Los cervantistas han estudiado a fondo los descuidos del Quijote: a veces Sancho Panza va a pie, y otras, en burro, la cronología de algunas escenas es confusa, las descripciones se contradicen, y hay sujetos sin predicado, adjetivos que no concuerdan, frases sin sentido, personajes que cambian de nombre o desaparecen porque el autor se ha olvidado de ellos, y un montón de cosas más que afectan tanto al lenguaje como a la trama y que un editor profesional de hoy habría evitado con un boli rojo y la nomenclatura del corrector de pruebas (indescifrable para quien no haya visto las primeras o segundas galeradas de un libro). Los lectores de Galdós (que suelen ser los mismos que los de Cervantes) también detectamos descuidos similares en sus novelas. Lo más habitual en el autor de los Episodios es que repita escenas e ideas que ya ha escrito, seguramente porque no recuerda haberlas narrado y no se ha dado cuenta al revisar el manuscrito porque lo ha repasado muy deprisa, con la respiración impaciente del impresor en la nuca.
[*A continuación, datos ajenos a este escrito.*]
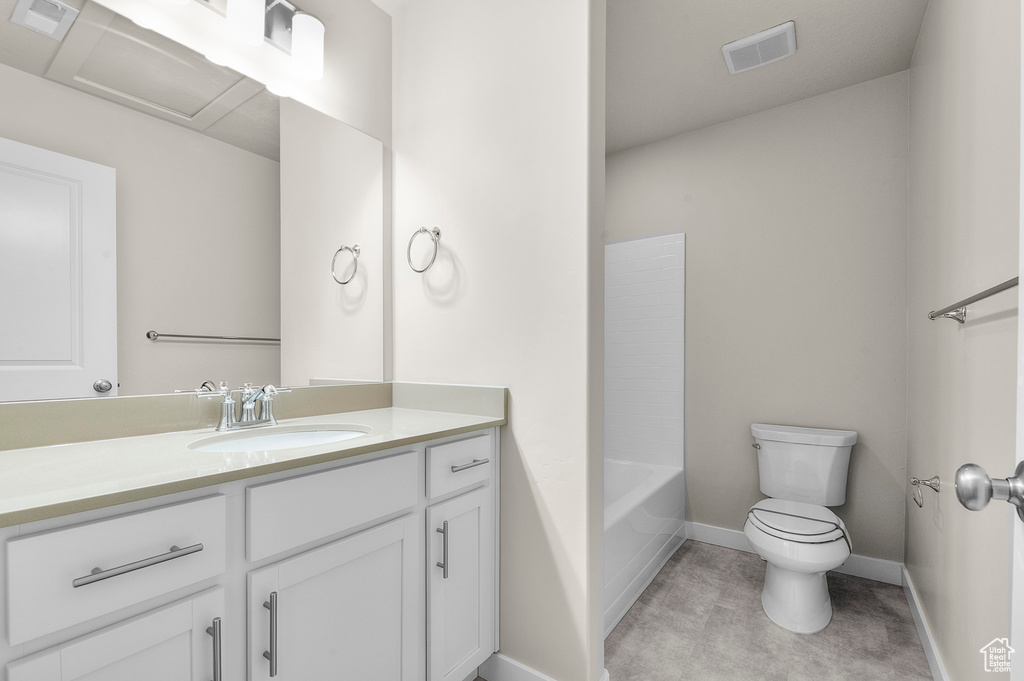 8848 S VEILED PEAK RD West Jordan, UT 84081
Lo que para algunos son descuidos, para otros son pruebas de pasión
Lo que para algunos son descuidos, para otros son pruebas de pasión. Yo me imagino a un escritor tan embebido de su trabajo, tan entusiasmado con lo que escribe, que no repara en minucias porque le puede el ansia de seguir la historia, como nos puede a los lectores el ansia de seguir leyendo.
Hay quien se enfada mucho con estas cosas, y los escritores vivos sufrimos la furia de estos lectores intransigentes, pues no hay libro sin errata ni escritor sin descuido. Algunos te las señalan con alegría de la buena y ánimo de ayudar, pero los más vienen gritando como clientes burlados que piden la hoja de reclamaciones. Entre mis muchos defectos de escritura destacan mi incomprensión de los gentilicios (casi nunca acierto al deducirlos, y pongo andorrense donde debería ser andorrano, o al revés) y mi dislexia con los nombres y palabras extranjeras, a las que someto a un baile de letras terrible que obliga a los correctores a echar horas extras descifrando la grafía correcta de Nietzsche y Stratford-upon-Avon. Una vez, un lector me recriminó con enorme acritud que escribiera mal el nombre de Fuentidueña de Tajo (yo había puesto Fuentidueña del Tajo). «Como comprenderá –me escribió en un correo, y no sé cómo consiguió mi dirección–, después de tamaña ignorancia, no pude seguir leyendo y arrojé su libro lejos». Lo comprendí, claro, y vi mi libro flotando en las aguas del Tajo. O en las aguas de Tajo, no sé ya.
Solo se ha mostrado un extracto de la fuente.